Hey the error doesn’t seem to be saying that the file is empty rather it says the row has mismatching data right? Am I missing something?

Hey Harshith,

The file is supposed to have a header followed by rows of data.

When the data syncs for the first time, the file has rows after the header.

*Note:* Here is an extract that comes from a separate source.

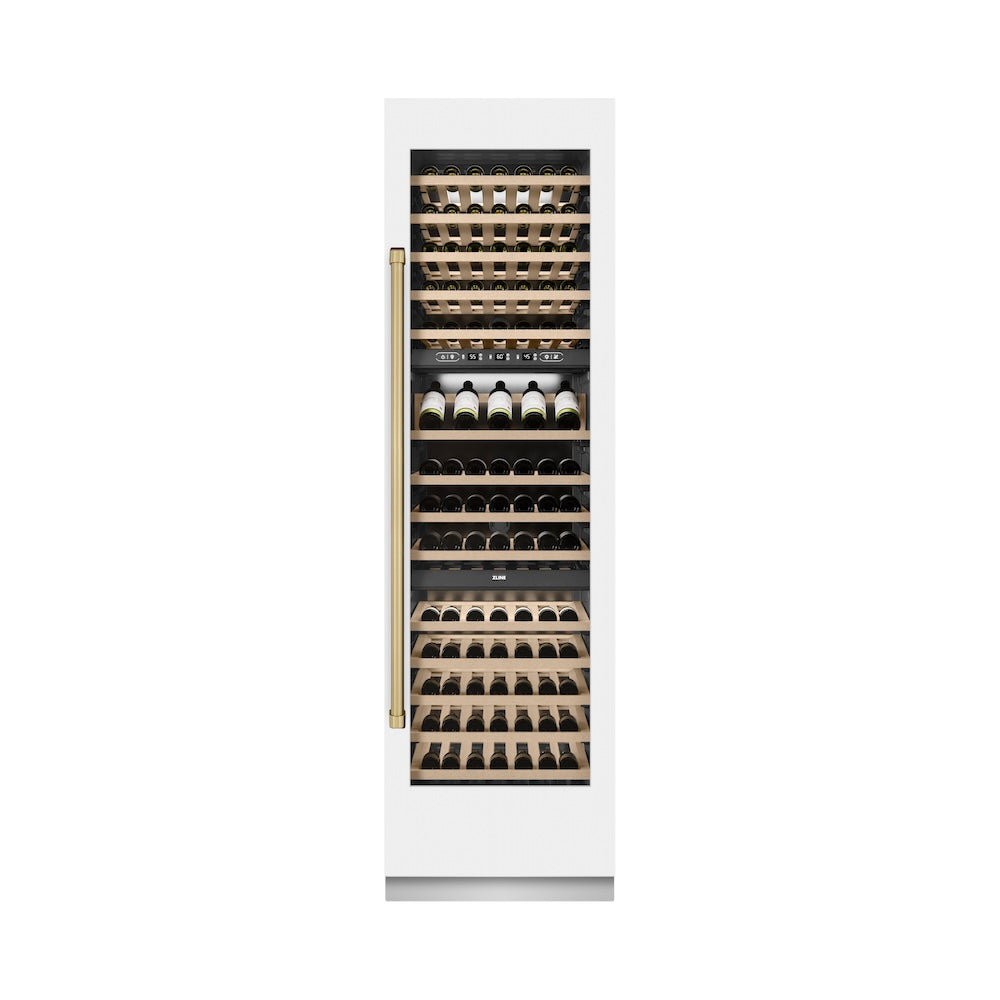 ZLINE Autograph Edition 24 in. 12.4 cu. ft. Triple Zone 100 Bottle Column Wine Cooler in White Matte and Champagne Bronze Accents (RCWVZ-WM-24-CB)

I am guessing that the data in the rows decide the data type based on my observations so far.

When the file has only a header row, I am seeing the error above.

I am not able to upload the CSV files here, so pasting the mock data in plain text below.

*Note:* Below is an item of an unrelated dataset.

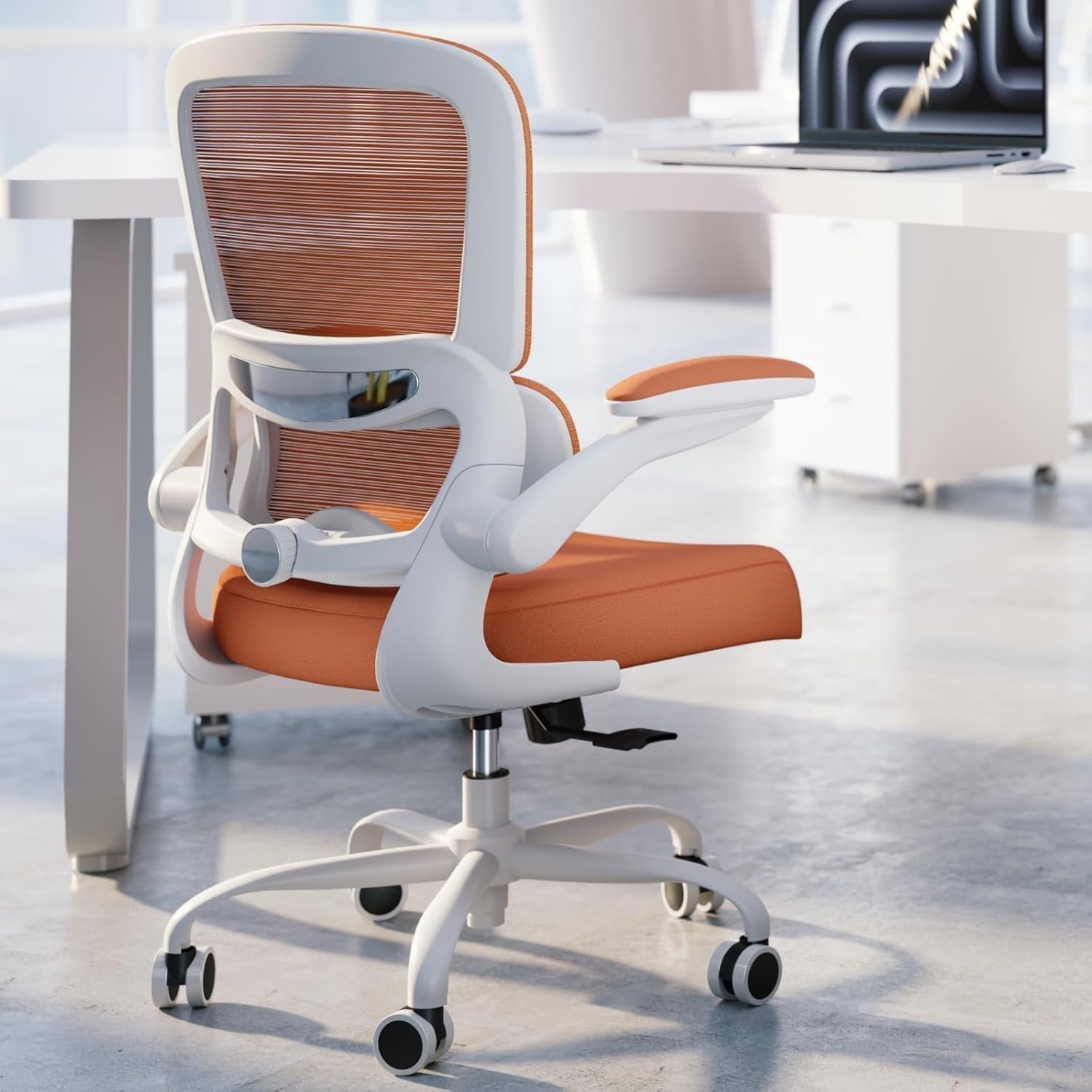 Office Chair - Ergonomic Desk Chair with Adjustable Lumbar Support, Mesh Computer Chair, Executive Chair for Home Office Comfortable Lumbar Support (Orange)-0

File for which the replication is working:
id,first_name,last_name,email,gender,ip_address,count
1,John,Doe,johndoe@hubpages.com,Male,127.0.0.1,1
2,Jane,Doe,janedoe@walmart.com,Female,127.0.0.1,1

File for which the replication is failing:
id,first_name,last_name,email,gender,ip_address,count

PS:

  • The file that we are dealing with is system generated and the file has only headers if there are no rows of data

Hey was able to reproduce it and have created an issue around this. Request you to give a +1 over the issue https://github.com/airbytehq/airbyte/issues/13171 and follow it there

Hi @Shubham_Kalloli @harshith

Any updates about this. I fall in this issue.

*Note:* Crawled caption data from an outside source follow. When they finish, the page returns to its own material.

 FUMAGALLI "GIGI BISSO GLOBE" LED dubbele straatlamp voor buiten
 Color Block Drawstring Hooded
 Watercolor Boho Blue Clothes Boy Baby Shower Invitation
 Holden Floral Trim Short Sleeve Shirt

2022-12-07 20:16:04 source > Encountered an exception while reading stream rebates_h
Traceback (most recent call last):
  File "/usr/local/lib/python3.9/site-packages/airbyte_cdk/sources/abstract_source.py", line 114, in read
    yield from self._read_stream(
  File "/usr/local/lib/python3.9/site-packages/airbyte_cdk/sources/abstract_source.py", line 179, in _read_stream
    for record in record_iterator:
  File "/usr/local/lib/python3.9/site-packages/airbyte_cdk/sources/abstract_source.py", line 237, in _read_incremental
    for record_counter, record_data in enumerate(records, start=1):
  File "/airbyte/integration_code/source_s3/source_files_abstract/stream.py", line 535, in read_records
    yield from self._read_from_slice(file_reader, stream_slice)
  File "/airbyte/integration_code/source_s3/source_files_abstract/stream.py", line 326, in _read_from_slice
    for record in file_reader.stream_records(f):
  File "/airbyte/integration_code/source_s3/source_files_abstract/formats/csv_parser.py", line 154, in stream_records
    streaming_reader = pa_csv.open_csv(
  File "pyarrow/_csv.pyx", line 1273, in pyarrow._csv.open_csv
  File "pyarrow/_csv.pyx", line 1137, in pyarrow._csv.CSVStreamingReader._open
  File "pyarrow/error.pxi", line 144, in pyarrow.lib.pyarrow_internal_check_status
  File "pyarrow/error.pxi", line 100, in pyarrow.lib.check_status
pyarrow.lib.ArrowInvalid: Empty CSV file
2022-12-07 20:16:04 source > Finished syncing rebates_h
2022-12-07 20:16:04 source > SourceS3 runtimes:
Syncing stream rebates_h 0:03:56.341347
2022-12-07 20:16:04 source > Empty CSV file

I have empty files in the pattern but also I have non empty files.

Hey @boggdan,

Sorry for the delay, I’m not sure that this problem has been fixed. It seems like the S3 source connector does not handle empty CSV files very well. This issue is on our team’s backlog but it is unclear when this will be fixed. If you have ideas on how to handle empty files better, we encourage anyone to contribute to our connectors. Otherwise, I suppose the only workaround in the interim is to avoid feed empty files through the S3 source. Hope this helps, happy to answer further questions.